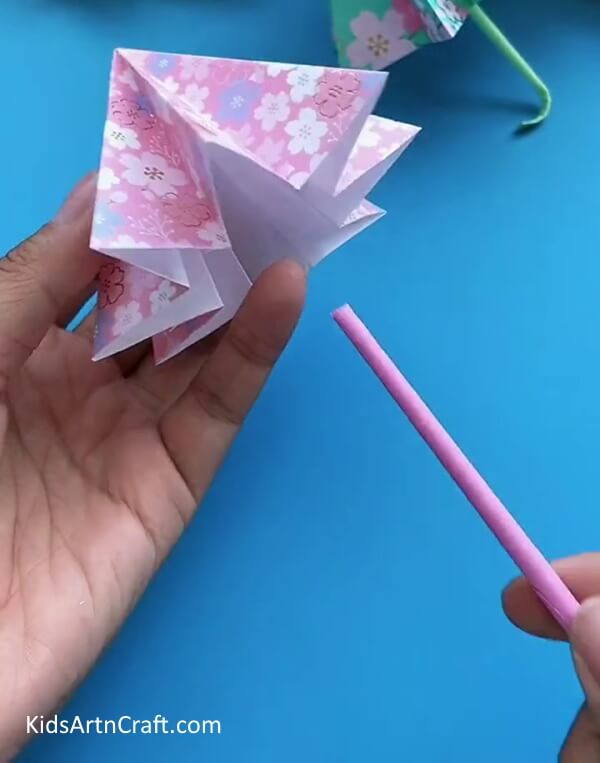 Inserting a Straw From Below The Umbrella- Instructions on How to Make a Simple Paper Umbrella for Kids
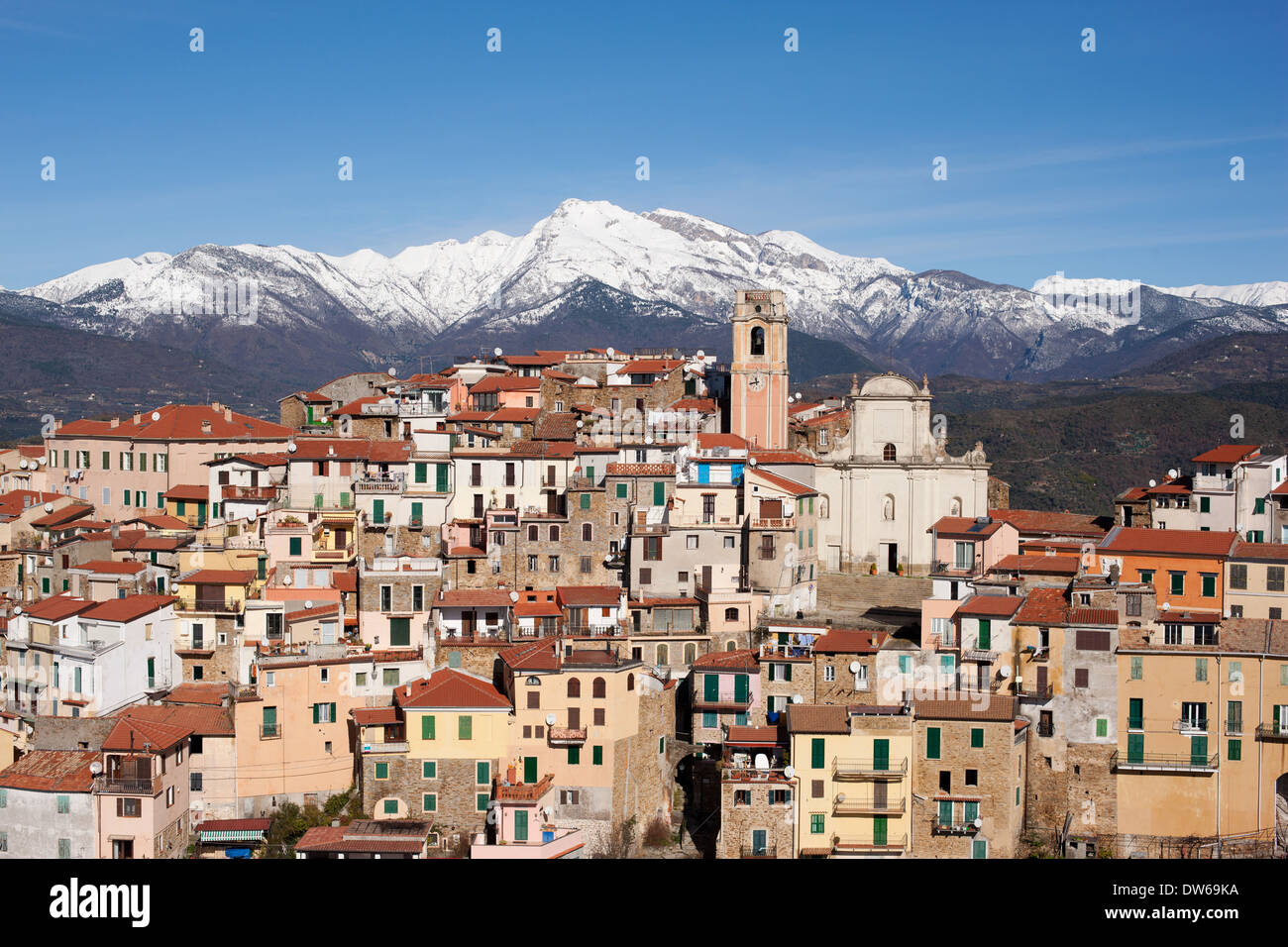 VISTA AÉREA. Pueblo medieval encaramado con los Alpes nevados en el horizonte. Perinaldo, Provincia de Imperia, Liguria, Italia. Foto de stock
--
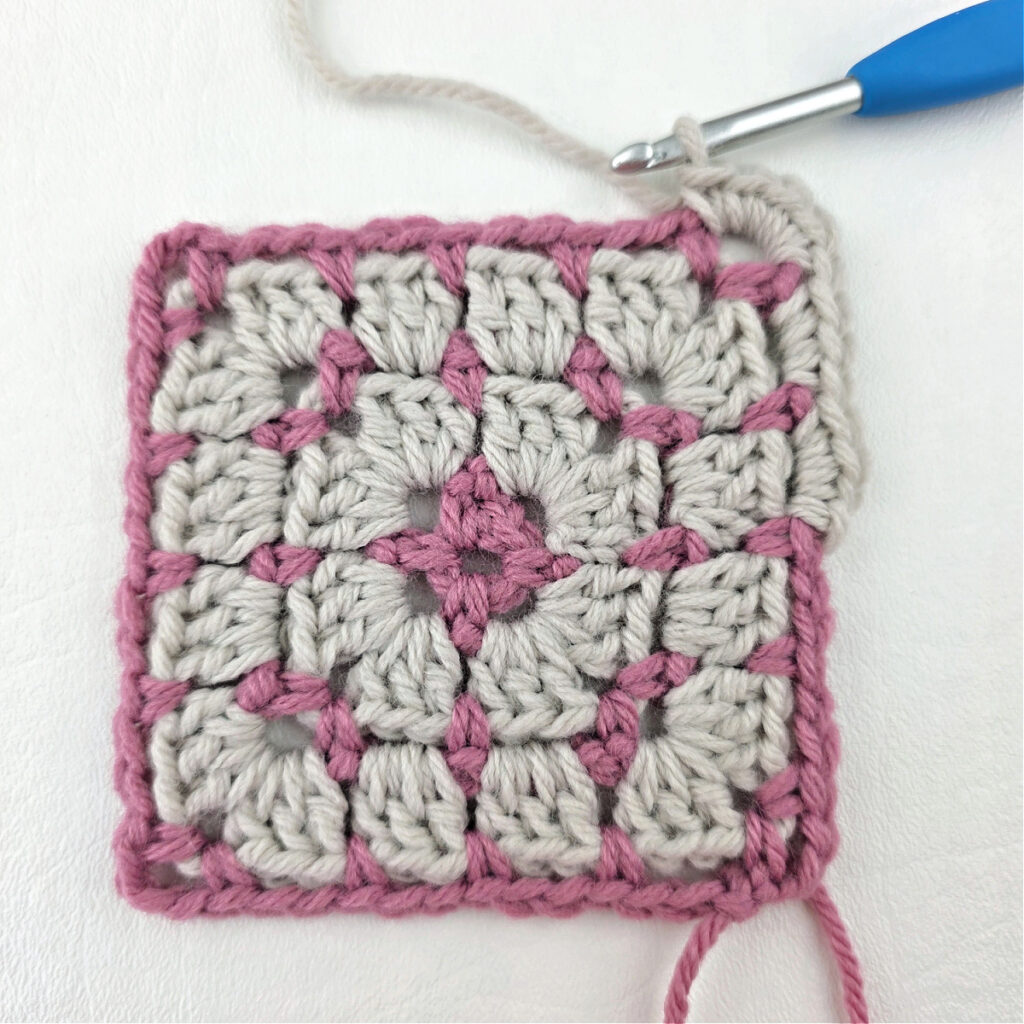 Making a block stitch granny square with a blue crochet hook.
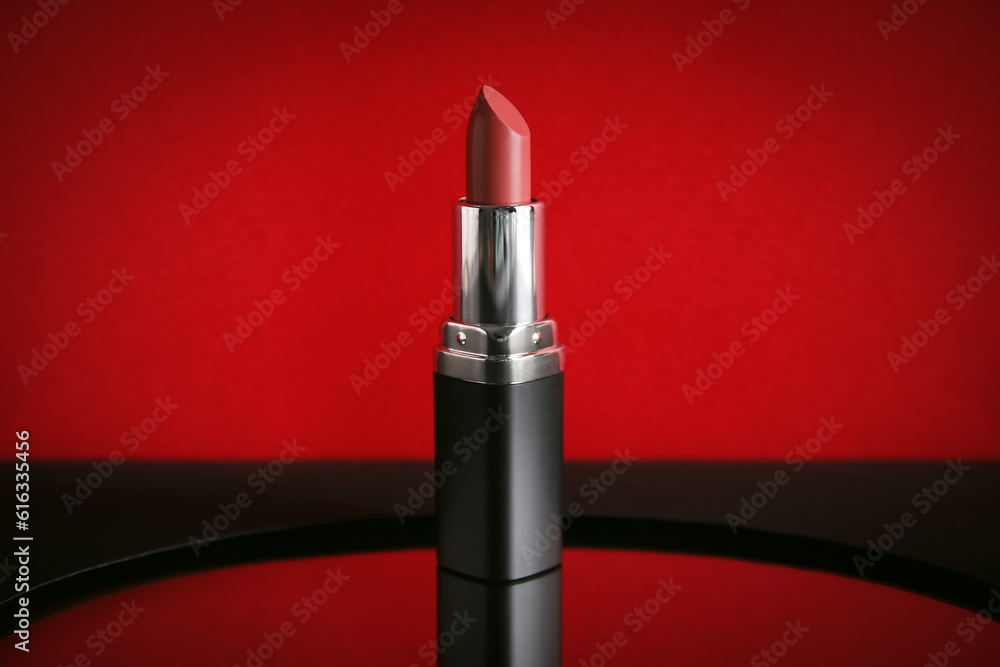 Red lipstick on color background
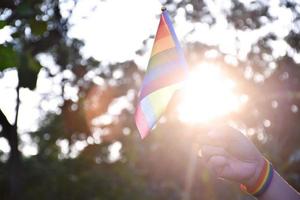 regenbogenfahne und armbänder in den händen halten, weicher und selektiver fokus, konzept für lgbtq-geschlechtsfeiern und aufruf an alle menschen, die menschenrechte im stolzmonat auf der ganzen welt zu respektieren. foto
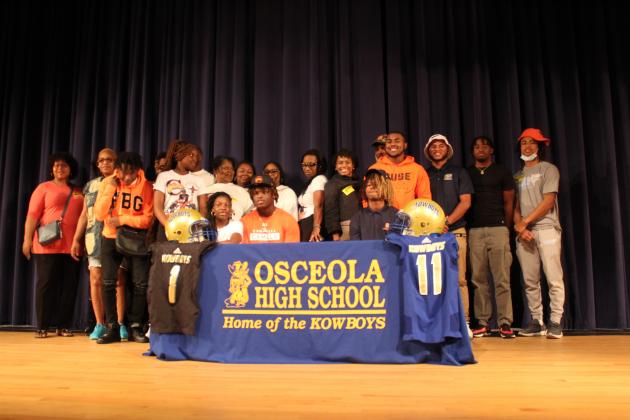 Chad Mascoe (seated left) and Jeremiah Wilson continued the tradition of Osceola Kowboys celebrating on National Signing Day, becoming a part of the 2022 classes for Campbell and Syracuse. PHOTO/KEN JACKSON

• [How to complete this task] What you return must match the lines above from the one with "Inserting a Straw" through the one with "VISTA AÉREA. Pueblo" exactly, with both ends included and the pictures excluded.

• [Response to this task]
 Inserting a Straw From Below The Umbrella- Instructions on How to Make a Simple Paper Umbrella for Kids
 VISTA AÉREA. Pueblo medieval encaramado con los Alpes nevados en el horizonte. Perinaldo, Provincia de Imperia, Liguria, Italia. Foto de stock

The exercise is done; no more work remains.